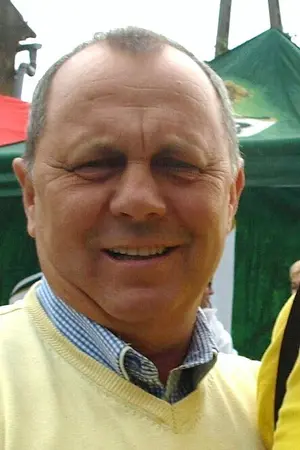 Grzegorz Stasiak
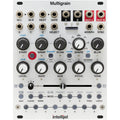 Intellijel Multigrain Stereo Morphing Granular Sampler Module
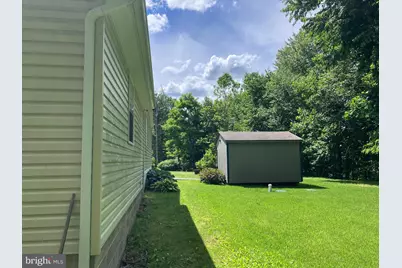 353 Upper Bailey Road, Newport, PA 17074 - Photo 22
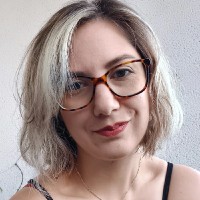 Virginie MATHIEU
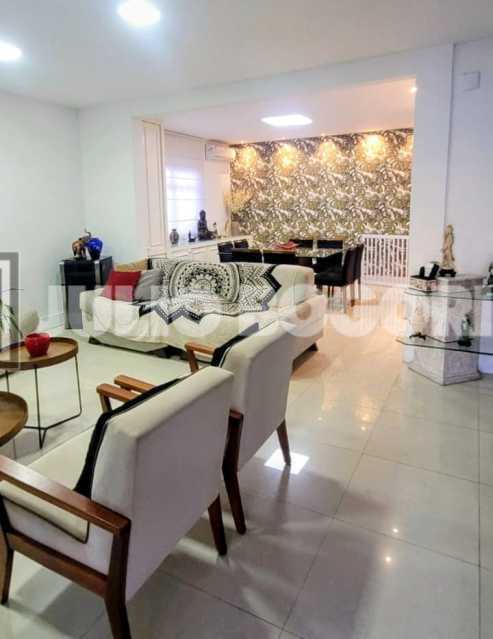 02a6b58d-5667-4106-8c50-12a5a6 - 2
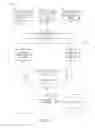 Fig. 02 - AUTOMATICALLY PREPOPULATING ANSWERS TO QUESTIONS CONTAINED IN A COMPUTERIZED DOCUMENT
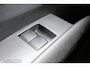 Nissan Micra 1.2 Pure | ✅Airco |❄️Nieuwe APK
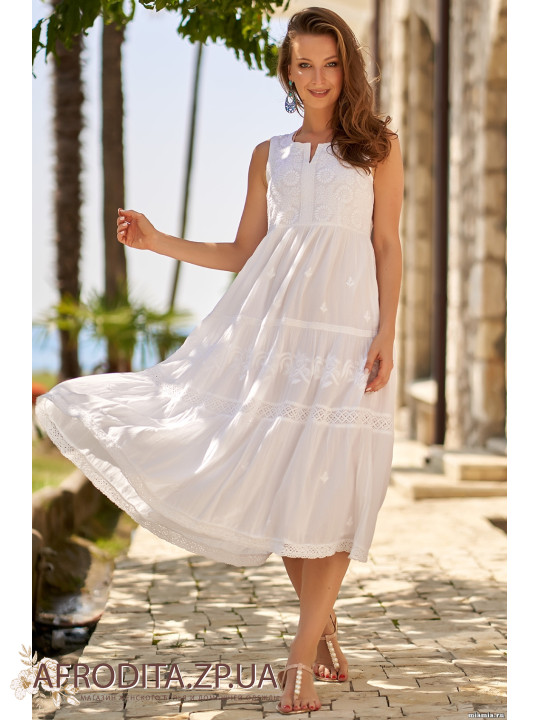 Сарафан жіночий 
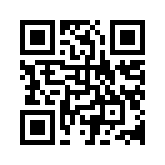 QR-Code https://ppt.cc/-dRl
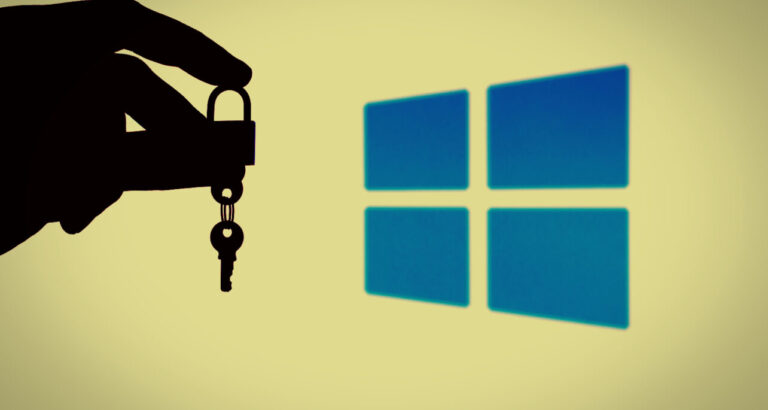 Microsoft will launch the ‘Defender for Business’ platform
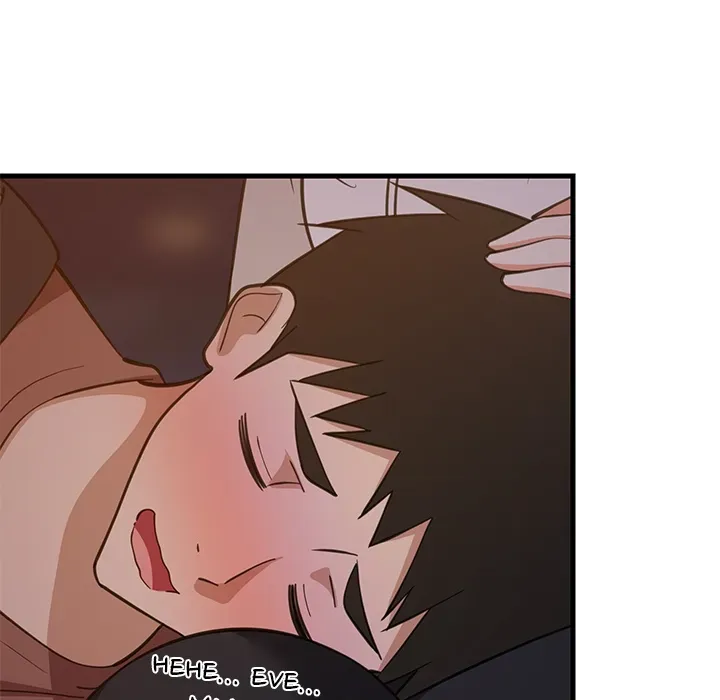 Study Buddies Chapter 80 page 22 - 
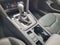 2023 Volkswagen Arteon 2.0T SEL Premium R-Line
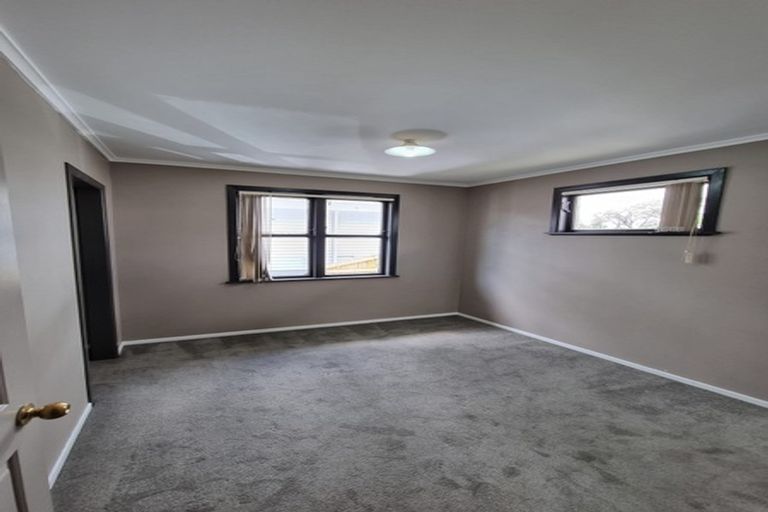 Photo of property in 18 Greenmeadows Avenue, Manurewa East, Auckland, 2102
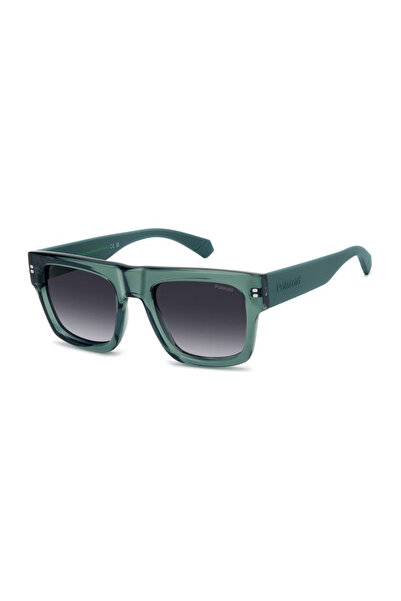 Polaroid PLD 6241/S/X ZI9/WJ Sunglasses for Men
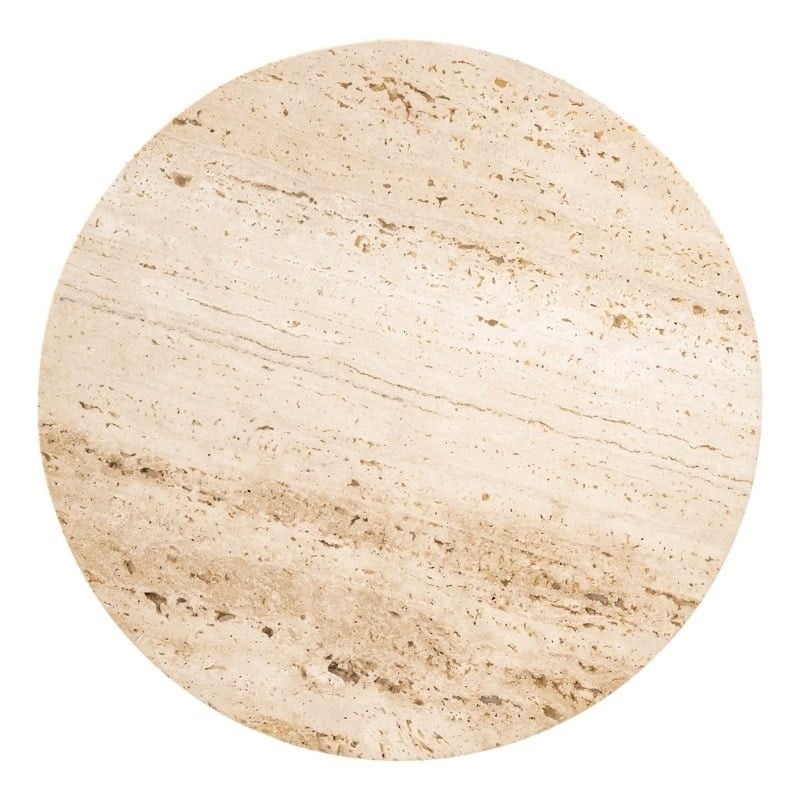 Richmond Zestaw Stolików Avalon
::::::::
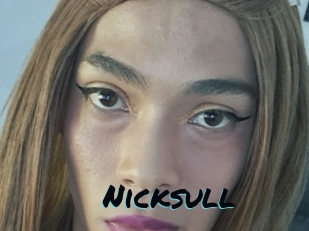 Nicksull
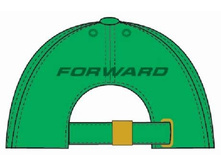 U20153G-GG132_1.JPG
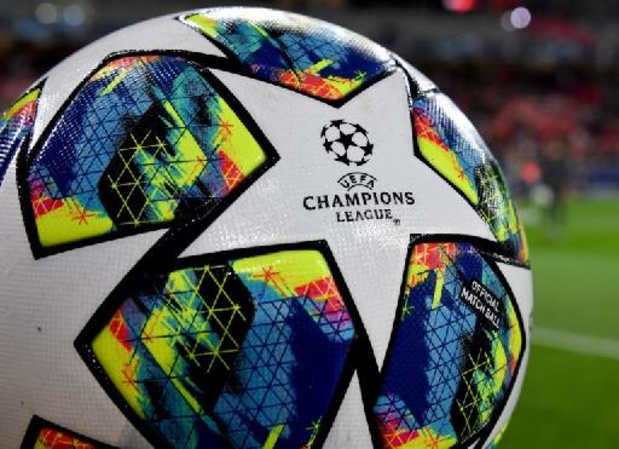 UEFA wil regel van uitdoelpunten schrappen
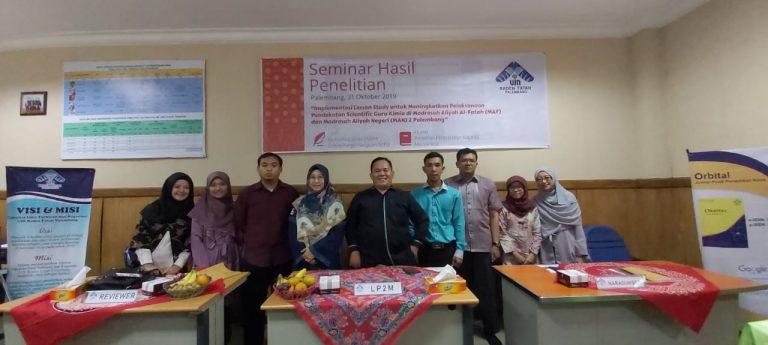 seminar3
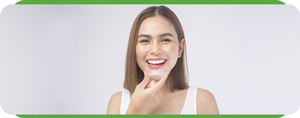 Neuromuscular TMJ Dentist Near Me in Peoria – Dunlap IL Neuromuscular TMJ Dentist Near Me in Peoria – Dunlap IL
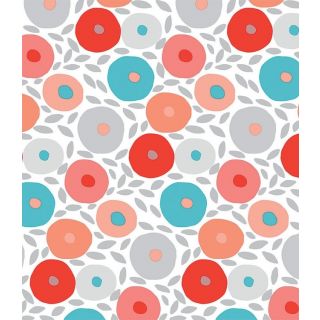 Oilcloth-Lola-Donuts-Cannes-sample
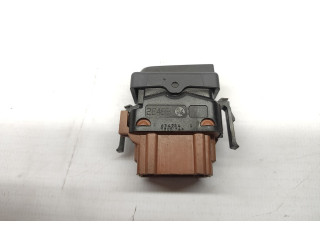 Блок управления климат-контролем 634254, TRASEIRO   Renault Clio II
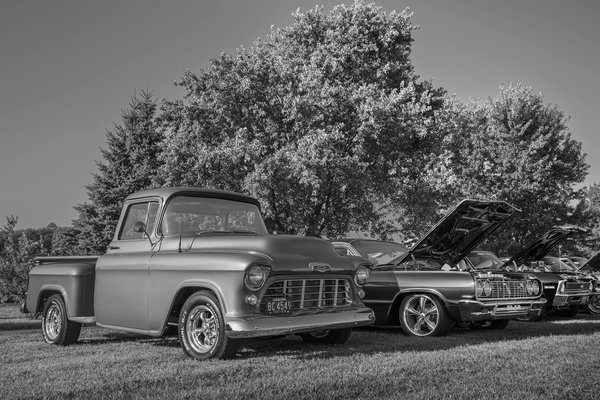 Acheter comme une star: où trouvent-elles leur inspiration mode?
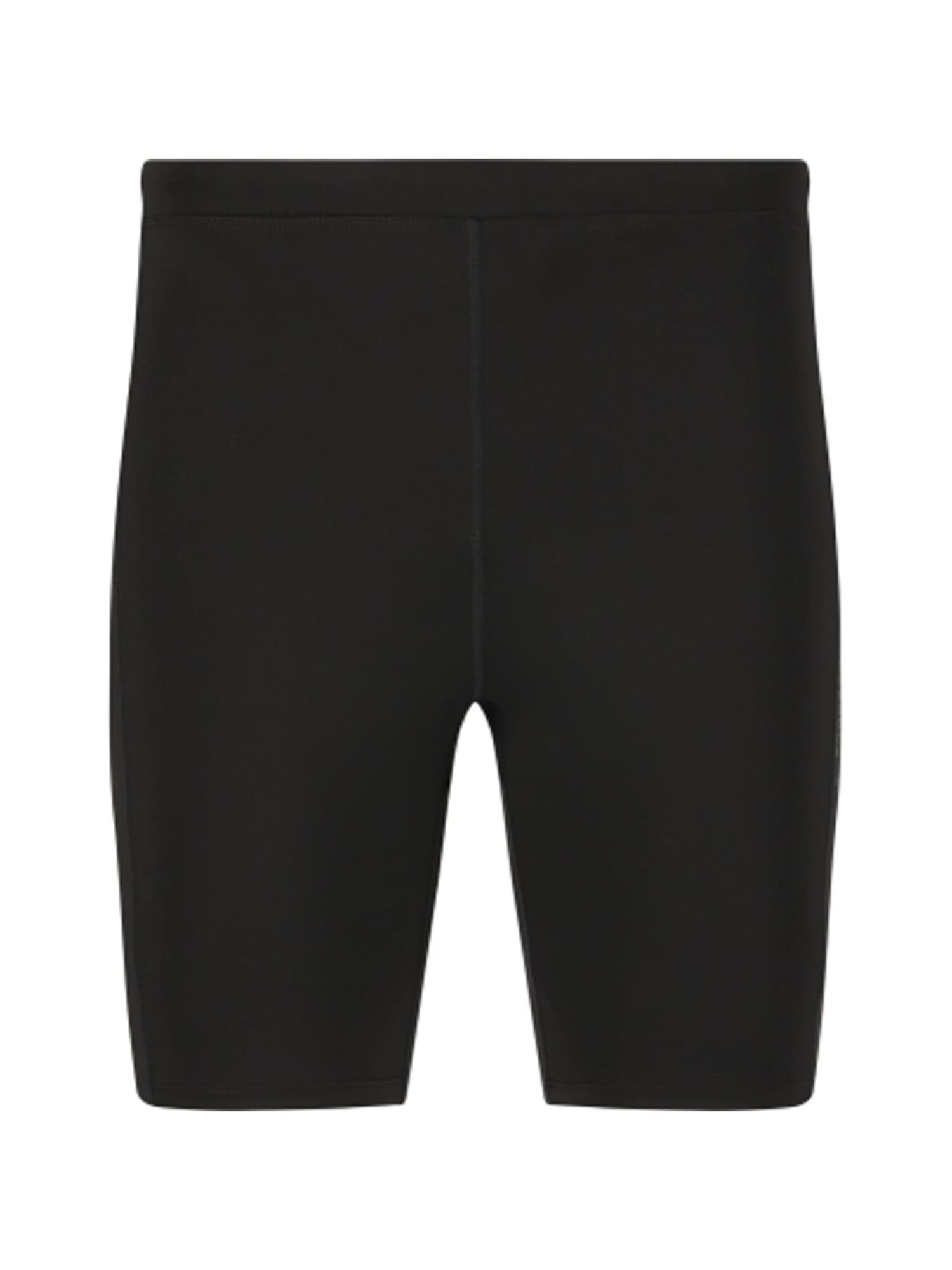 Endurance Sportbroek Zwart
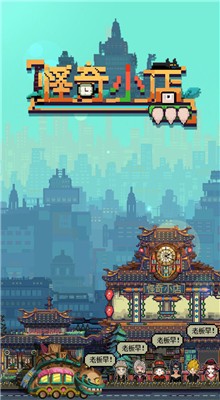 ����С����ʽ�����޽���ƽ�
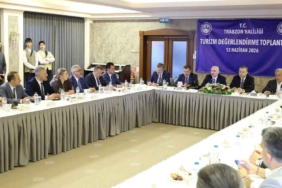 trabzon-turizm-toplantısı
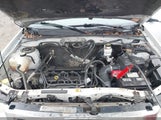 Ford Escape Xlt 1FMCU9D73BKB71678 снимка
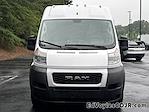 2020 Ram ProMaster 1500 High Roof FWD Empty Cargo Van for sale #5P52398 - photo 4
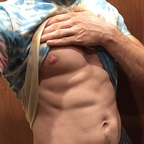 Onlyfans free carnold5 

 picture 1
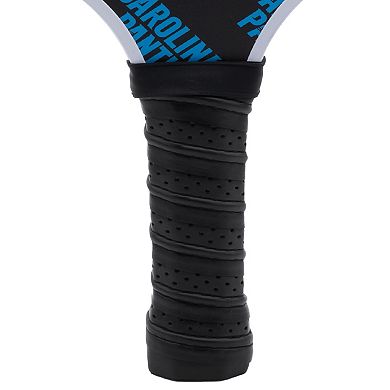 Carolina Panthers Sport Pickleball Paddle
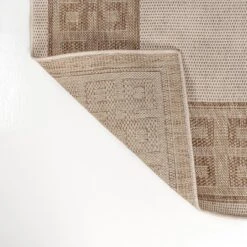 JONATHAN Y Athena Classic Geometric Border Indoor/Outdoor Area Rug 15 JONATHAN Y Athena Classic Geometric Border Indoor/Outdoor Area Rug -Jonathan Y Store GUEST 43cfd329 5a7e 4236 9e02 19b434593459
::::::::
• Instructions for the task: Without the pictures, set down the lines above from the line with "Grzegorz Stasiak" up to and including the line with "Richmond Zestaw Stolików Avalon" exactly as they stand.

• Task response:
 Grzegorz Stasiak
 Intellijel Multigrain Stereo Morphing Granular Sampler Module
 353 Upper Bailey Road, Newport, PA 17074 - Photo 22
 Virginie MATHIEU
 02a6b58d-5667-4106-8c50-12a5a6 - 2
 Fig. 02 - AUTOMATICALLY PREPOPULATING ANSWERS TO QUESTIONS CONTAINED IN A COMPUTERIZED DOCUMENT
 Nissan Micra 1.2 Pure | ✅Airco |❄️Nieuwe APK
 Сарафан жіночий 
 QR-Code https://ppt.cc/-dRl
 Microsoft will launch the ‘Defender for Business’ platform
 Study Buddies Chapter 80 page 22 - 
 2023 Volkswagen Arteon 2.0T SEL Premium R-Line
 Photo of property in 18 Greenmeadows Avenue, Manurewa East, Auckland, 2102
 Polaroid PLD 6241/S/X ZI9/WJ Sunglasses for Men
 Richmond Zestaw Stolików Avalon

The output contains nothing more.